### What needs to be done
Show all lines from the listing below that contain "Oval".

### Extracted information
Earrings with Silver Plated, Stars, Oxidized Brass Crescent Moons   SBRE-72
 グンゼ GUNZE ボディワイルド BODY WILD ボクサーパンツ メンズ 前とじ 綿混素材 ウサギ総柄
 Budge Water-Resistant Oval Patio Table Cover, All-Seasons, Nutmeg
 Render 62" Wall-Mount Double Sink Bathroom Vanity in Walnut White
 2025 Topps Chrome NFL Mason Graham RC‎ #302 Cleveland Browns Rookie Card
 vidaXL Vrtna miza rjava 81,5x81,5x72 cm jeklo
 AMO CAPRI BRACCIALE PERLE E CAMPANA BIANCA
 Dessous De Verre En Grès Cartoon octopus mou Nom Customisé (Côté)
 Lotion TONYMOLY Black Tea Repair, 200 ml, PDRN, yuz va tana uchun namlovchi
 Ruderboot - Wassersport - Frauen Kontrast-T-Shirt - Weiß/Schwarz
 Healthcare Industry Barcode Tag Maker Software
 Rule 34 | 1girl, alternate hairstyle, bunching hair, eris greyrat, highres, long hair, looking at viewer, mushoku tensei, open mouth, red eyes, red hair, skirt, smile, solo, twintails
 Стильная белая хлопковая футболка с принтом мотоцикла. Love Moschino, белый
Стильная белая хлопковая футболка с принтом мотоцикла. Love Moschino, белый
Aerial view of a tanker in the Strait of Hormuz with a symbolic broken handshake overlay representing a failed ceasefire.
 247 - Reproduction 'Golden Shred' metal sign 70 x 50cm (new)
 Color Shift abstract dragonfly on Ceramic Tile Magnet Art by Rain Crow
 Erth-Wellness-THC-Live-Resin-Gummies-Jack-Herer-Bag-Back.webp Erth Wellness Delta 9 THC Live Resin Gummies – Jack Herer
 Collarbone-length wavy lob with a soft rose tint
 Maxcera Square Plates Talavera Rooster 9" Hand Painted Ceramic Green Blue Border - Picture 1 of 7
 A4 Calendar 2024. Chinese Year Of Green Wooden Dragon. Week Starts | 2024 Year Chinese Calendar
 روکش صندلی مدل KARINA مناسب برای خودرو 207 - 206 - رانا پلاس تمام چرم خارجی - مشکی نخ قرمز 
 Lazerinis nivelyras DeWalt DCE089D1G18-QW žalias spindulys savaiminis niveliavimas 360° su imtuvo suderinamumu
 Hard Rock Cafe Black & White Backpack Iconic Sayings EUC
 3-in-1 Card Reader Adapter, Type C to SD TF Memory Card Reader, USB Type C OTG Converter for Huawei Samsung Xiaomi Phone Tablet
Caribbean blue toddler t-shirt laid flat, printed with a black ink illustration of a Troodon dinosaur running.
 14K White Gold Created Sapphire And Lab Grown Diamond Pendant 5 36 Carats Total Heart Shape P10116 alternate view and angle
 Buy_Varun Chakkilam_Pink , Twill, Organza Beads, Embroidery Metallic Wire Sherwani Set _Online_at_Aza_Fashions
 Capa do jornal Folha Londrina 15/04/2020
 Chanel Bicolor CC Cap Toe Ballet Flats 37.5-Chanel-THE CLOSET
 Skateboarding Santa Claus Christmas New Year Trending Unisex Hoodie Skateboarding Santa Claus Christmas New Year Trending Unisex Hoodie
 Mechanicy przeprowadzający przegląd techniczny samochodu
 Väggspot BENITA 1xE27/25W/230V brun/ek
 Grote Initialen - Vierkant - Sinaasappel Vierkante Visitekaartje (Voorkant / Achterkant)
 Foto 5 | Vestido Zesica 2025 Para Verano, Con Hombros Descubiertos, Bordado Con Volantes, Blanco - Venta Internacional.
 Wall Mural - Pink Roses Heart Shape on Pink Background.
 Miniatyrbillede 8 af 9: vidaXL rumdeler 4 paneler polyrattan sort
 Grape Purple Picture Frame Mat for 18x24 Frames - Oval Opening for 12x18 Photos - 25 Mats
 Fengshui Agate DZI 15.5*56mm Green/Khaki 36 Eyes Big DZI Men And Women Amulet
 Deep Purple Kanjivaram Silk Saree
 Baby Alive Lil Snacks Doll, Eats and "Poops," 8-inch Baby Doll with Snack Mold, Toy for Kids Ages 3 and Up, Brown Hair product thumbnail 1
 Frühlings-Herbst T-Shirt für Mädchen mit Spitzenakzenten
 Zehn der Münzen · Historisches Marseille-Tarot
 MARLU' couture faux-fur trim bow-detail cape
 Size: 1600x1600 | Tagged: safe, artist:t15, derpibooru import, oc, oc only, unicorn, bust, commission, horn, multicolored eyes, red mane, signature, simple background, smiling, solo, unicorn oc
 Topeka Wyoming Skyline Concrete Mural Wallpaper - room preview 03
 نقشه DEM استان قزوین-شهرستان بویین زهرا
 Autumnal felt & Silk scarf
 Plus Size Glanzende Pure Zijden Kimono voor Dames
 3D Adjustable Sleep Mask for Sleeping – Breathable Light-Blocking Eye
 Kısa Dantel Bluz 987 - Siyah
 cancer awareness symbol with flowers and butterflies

### Response to the exercise
 Budge Water-Resistant Oval Patio Table Cover, All-Seasons, Nutmeg
 Grape Purple Picture Frame Mat for 18x24 Frames - Oval Opening for 12x18 Photos - 25 Mats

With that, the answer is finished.